Driving Mister Moron.
DUDE, WHERE’S MY CAR? is to Ashton Kutcher what BILL AND TED’S EXCELLENT ADVENTURE is to Keanu Reeves – an inauspicious, downright idiotic introduction to the filmic world before taking over said world. (Kutcher’s character name is even phonetically like Theodore Logan Esquire – Jesse Montgomery III.)
Numbnut Jesse (Kutcher) wakes after a drunken night with his duderific pothead friend, Chester (Seann William Scott, back when he couldn’t HELP but make that stupid face), and realizes his car is not parked outside, which precipitates the time-honored line from him, “Dude, where’s my car?” To which Chester replies, “Dude, where’s your car?” To which Jesse replies, “Dude, where’s my car?” To which Chester replies, “Dude, where’s your car?” There’s much more. But I have more important things to do, like slash my wrists.
Quest to find car ensues.
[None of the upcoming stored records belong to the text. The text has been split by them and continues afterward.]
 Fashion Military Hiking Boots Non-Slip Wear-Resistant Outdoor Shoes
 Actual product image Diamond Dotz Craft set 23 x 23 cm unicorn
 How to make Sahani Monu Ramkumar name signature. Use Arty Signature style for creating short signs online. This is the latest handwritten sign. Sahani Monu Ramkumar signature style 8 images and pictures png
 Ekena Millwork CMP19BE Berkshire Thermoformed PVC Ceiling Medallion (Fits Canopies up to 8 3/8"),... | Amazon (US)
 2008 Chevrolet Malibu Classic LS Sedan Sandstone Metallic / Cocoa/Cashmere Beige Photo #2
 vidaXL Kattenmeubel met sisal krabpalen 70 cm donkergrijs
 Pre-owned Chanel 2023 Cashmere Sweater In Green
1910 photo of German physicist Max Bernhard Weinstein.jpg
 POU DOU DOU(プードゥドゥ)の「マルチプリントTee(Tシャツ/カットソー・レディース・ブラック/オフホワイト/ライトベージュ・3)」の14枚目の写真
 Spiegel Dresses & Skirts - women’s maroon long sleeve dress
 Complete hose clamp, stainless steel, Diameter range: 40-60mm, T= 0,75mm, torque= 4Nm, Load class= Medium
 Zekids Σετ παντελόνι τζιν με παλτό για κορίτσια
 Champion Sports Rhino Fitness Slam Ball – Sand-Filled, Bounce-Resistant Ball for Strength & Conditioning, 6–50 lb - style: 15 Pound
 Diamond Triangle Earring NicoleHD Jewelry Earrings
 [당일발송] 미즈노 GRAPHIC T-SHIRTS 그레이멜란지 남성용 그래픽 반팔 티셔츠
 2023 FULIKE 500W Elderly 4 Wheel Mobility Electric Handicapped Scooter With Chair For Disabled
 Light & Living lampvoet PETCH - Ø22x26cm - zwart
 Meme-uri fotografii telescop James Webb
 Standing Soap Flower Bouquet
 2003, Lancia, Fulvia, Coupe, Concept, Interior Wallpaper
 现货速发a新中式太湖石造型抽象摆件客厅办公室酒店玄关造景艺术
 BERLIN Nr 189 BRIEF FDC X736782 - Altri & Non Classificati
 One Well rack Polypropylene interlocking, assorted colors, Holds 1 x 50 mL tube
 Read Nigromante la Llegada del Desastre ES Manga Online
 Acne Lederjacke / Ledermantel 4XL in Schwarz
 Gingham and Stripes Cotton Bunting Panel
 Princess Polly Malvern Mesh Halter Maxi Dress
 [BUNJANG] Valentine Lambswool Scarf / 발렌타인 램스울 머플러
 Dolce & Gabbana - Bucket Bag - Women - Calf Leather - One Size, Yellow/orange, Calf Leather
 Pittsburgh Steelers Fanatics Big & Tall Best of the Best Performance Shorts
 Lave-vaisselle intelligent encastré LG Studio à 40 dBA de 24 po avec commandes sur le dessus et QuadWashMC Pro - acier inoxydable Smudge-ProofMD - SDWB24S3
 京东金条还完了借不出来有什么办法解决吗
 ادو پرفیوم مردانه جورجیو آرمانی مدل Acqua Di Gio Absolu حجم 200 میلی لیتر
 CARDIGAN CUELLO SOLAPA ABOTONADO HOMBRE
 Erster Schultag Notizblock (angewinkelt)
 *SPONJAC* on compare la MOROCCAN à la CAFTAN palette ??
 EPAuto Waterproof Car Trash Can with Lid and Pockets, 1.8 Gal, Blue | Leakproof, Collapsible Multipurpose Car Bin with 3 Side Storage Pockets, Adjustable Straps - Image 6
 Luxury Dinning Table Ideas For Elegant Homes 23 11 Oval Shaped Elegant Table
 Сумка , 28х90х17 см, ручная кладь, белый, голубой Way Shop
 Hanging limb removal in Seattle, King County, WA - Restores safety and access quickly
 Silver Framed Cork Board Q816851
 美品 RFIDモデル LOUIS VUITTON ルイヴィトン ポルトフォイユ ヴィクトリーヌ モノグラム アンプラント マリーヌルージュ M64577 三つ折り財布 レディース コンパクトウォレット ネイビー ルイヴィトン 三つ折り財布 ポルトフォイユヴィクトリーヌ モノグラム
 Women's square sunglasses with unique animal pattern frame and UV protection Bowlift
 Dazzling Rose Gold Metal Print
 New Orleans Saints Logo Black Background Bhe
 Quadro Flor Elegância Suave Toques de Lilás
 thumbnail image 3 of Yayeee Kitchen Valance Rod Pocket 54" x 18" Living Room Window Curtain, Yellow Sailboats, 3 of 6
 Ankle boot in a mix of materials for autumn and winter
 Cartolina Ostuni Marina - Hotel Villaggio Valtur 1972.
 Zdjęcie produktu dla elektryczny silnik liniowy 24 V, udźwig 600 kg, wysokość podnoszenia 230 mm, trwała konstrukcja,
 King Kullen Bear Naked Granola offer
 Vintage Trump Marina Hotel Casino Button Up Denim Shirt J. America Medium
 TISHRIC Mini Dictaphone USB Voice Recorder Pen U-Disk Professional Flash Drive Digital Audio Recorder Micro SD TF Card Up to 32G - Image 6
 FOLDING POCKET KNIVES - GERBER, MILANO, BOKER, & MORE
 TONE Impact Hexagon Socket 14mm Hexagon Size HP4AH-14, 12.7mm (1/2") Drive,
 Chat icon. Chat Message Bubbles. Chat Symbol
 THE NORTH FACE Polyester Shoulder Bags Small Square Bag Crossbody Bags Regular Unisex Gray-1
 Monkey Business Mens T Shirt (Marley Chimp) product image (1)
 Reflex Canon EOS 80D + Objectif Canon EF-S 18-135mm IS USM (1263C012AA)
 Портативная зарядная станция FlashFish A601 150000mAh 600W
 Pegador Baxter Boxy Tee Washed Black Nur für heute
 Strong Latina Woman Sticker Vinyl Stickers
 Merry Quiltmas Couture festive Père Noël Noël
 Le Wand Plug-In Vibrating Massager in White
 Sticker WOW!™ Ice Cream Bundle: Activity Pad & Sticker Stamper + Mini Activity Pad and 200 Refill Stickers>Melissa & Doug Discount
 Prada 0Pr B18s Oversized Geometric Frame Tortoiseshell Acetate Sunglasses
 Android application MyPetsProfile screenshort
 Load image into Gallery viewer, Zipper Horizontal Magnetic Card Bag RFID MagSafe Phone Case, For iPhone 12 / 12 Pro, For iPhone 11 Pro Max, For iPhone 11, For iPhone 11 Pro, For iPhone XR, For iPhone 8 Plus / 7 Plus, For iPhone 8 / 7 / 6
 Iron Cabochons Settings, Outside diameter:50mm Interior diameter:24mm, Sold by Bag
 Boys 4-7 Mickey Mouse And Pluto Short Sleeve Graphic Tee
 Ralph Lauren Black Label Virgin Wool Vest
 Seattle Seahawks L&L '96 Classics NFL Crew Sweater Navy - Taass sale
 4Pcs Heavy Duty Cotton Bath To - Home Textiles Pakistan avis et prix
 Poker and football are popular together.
To win back their girlfriends (Jennifer Garner, young but still ugly, and Marla Sokoloff) the two dopes dive headlong into teen comedy staples – jocks, hot babes, transvestites and strippers, including sexy female extra-terrestrials and crackpot cultists (tautology!) led by Hal Sparks.
In no way a classic comedy – except in the cult sense when Ashton Kutcher inexplicably wins an Academy Award in the deep future – but so doggedly asinine you will find yourself laughing despite your functioning brain.